Être en marge
La tolérance, au fond, c'est la marge entre l'acceptation et le rejet. C'est une zone tampon, un espace de sécurité, avant de sauter directement dans l'intolérance. A mon oreille ça flirte un peu trop avec le mépris. Le parallèle me saute aux yeux. Comme la tolérance, le mépris aussi se situe dans la marge. Entre le prendre et ne pas prendre, il y a le mal prendre, le mépris. Et comme les promenades en montagne, à trop se promener sur le bord de la falaise on y tombe, tôt ou tard.
L'intolérance
La tolérance n'est pas le contraire de l'intolérance. Ce serait plutôt l'intolérance qui est le contraire de la tolérance. La tolérance est une sorte de mépris qui se pare d'un sourire pour ne pas avoir l'air trop répréhensible. Dans le discours du tolérant on remarque toujours ces petites pointes: je ne suis pas raciste, MOI. Je paie mes impôts, MOI. Je ne vis pas au crochet de la société, MOI. Le tolérant est toujours mieux que ceux dont il tolère la présence. Il est toujours mieux parce qu'il considère que l'autre ne l'est pas. La tolérance a quelque chose qui pousse à ne pas en faire plus pour l'autre. La tolérance c'est la reconnaissance de son impuissance à pouvoir rejeter l'autre si on s'écoutait, si il n'y avait pas les conventions sociales.
L'accueil
Si donc la tolérance n'est pas le mot qui exprime le mieux notre pensée quand on désire se placer en opposition avec l'intolérance il faut alors en découvrir un autre.

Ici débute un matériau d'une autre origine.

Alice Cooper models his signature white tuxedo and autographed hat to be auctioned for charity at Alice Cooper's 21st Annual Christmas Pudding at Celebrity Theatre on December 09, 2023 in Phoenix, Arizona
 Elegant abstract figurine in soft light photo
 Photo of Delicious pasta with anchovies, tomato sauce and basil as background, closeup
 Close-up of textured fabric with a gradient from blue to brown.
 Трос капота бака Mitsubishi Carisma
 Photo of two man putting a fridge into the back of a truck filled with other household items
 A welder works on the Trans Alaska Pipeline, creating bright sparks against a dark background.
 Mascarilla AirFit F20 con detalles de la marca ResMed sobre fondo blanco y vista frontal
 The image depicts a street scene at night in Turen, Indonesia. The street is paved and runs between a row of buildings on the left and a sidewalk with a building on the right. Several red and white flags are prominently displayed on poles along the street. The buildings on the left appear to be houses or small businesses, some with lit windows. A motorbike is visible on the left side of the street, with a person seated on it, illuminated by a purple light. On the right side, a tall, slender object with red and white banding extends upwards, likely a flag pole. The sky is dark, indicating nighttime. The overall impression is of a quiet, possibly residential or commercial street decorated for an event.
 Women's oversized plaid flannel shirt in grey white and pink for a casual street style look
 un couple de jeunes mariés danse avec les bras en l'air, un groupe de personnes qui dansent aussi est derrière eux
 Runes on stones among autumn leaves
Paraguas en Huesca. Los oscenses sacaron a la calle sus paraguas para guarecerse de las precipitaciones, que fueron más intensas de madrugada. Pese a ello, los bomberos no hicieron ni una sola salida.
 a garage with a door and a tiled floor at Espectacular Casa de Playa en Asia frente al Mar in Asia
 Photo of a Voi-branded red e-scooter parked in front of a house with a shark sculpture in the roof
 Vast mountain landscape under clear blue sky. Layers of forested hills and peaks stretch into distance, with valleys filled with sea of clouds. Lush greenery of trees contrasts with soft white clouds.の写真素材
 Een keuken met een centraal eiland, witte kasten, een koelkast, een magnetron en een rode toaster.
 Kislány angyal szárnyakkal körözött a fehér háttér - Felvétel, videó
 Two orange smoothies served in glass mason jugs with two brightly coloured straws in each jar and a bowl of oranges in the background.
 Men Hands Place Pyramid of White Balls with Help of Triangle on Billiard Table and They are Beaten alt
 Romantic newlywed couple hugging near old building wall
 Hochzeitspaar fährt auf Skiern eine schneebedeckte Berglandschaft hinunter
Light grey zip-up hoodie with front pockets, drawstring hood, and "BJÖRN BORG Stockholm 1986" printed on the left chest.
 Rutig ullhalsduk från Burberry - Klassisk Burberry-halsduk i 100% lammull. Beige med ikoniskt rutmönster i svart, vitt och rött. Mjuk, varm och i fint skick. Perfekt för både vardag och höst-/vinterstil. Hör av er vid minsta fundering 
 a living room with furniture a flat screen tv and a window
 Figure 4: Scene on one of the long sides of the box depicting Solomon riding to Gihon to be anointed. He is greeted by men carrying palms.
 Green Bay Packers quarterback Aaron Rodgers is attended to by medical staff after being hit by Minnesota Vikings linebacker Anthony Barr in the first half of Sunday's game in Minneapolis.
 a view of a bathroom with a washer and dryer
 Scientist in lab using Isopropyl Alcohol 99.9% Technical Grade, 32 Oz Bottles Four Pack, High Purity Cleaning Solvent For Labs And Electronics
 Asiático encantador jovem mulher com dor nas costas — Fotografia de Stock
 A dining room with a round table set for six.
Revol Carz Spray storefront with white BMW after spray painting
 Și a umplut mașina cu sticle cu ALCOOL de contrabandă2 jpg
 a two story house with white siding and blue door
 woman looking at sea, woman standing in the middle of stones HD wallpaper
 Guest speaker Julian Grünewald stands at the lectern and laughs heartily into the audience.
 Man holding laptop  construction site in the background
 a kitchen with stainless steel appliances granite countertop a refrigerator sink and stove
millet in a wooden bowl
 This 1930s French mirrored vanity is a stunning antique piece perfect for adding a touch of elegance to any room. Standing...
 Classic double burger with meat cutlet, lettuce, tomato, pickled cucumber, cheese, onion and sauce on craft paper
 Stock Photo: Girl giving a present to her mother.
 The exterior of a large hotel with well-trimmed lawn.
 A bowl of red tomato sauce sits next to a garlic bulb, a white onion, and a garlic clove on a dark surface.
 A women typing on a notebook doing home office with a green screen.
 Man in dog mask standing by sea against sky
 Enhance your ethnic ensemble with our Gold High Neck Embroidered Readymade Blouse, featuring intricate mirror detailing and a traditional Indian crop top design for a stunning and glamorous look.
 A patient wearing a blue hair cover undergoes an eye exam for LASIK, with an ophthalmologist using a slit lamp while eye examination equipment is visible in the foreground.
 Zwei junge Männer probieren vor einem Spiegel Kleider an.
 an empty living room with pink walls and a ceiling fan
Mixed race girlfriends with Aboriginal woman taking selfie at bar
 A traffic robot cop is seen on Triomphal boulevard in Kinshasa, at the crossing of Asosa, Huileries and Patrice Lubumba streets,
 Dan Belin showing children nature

Pourquoi pas l'accueil. L'accueil implique quelque chose de plus actif. Il nécessite un rapprochement, des bras ouverts. Quand on accueille l'autre, on l'accueille avec ses différences pas malgré elles. Quand on accueille l'autre on est responsable de lui. Responsable de son bonheur, responsable de son malheur. Ça nous force un peu, il me semble, à ce qu'il soit plus souvent dans le bonheur que dans le malheur. Parce que l'autre aussi est responsable de nous. Car il n'y a pas de Je s'il n'y a pas de Tu, comme le répète toujours Albert Jacquart. En rejetant l'autre, en refusant de l'accueillir, nous rejetons aussi l'instrument de notre propre bonheur.